To understand why this is a reasonable definition, recall that for two elements, we have $$ a_1 \cdot a_2 = a \iff \log(a_1) + \log(a_2) = \log(a); $$ and that for any finite product we can show by induction that $$ \prod_{k=1}^{n} a_k = a \iff \sum_{k=1}^{n} \log(a_k) = \log(a). $$ Thus we can understand the properties of products by reducing them to series using the logarithm (since you are reading about abstract algebra, you might consider how the multiplicative group of positive real numbers relates to the additive group of real numbers; are they isomorphic?).

Notice that there are several interesting ways for a product to diverge: it can oscillate (as a series might), it can diverge to infinity (consider the infinite product $\prod 2$), or it can diverge to zero! For example, if $\prod \frac{1}{2} = a$, then $$ \sum_{k=1}^{\infty} \log\left( \frac{1}{2} \right) = \log(a). $$ But the sum diverges to negative infinity, hence the product does not converge.

So, suppose that $\{q_k\}$ is an enumeration of the rational numbers. Then $$ \prod_{k=1}^{\infty} q_k = q \iff \sum_{k=1}^{\infty} \log(q_k) = \log(q). $$ There is no rearrangement of the rational numbers such that the series above converges. To see this, suppose that $\{q_n\}$ is an enumeration of the rationals. There are infinitely many $n \in \mathbb{N}$ such that $|\log(q_n)| > 1$, which implies that $|\log(q_n)|$ does not converge to zero as $n\to \infty$. Hence the series $\sum \log(q_n)$ does not converge (the general term doesn't go to zero).
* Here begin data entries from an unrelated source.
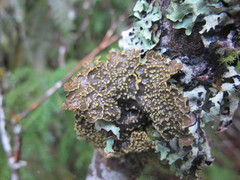 Pseudocyphellaria citrina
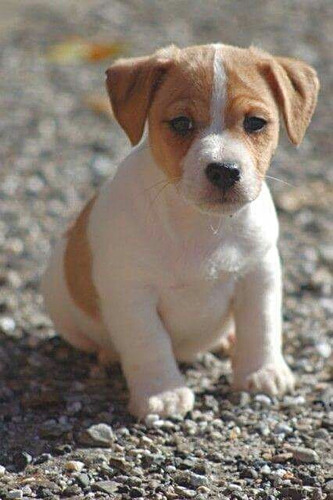 Lindos Filhotes - Jack Russell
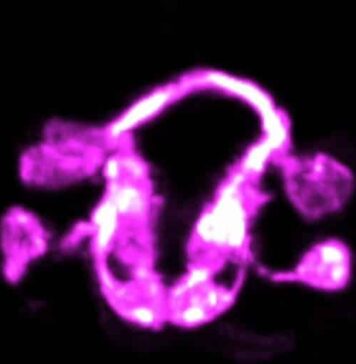 Capturing the Choreography of a Developing Brain | Nutrition Fit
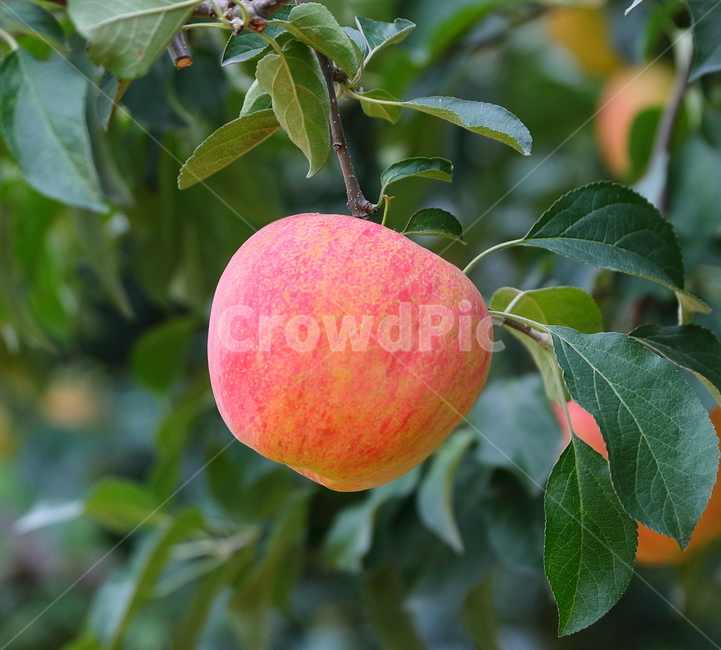 사과,가을,과일,동강,제장마을,가을사과,식물,자연,plants,nature,과일,열매,fruit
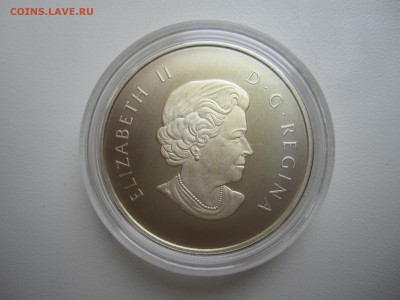 Канада,10 долл. 2013(бобёр) с 1900 ₽ до 22.07.18 22.00МСК - IMG_3203.JPG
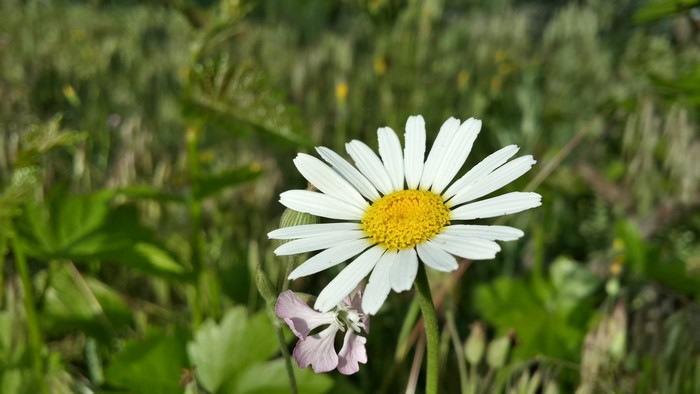 Close-up of a white daisy with a yellow center in a green field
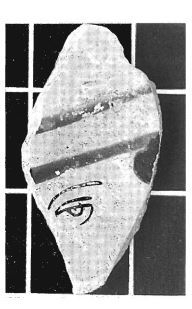 A. Oliver, F. Gusi 1995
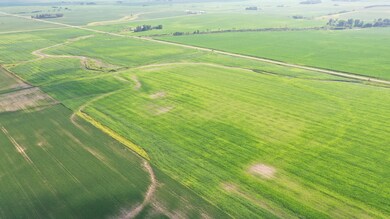 DJI_0294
As per Asaf Karagila's comments (below), a set is even if it can be split into two sets of the same "size", or if it can be split into pairs (this characterization requires the Axiom of Choice, but this is a technical point that is beyond the current scope). If a set cannot be split into pairs, then it is odd. Since any infinite set can be split into pairs (again, this requires choice), every infinite set—including the rationals—is even.

As such, this argument basically asserts that the concept of "parity" is more or less meaningless for infinite sets.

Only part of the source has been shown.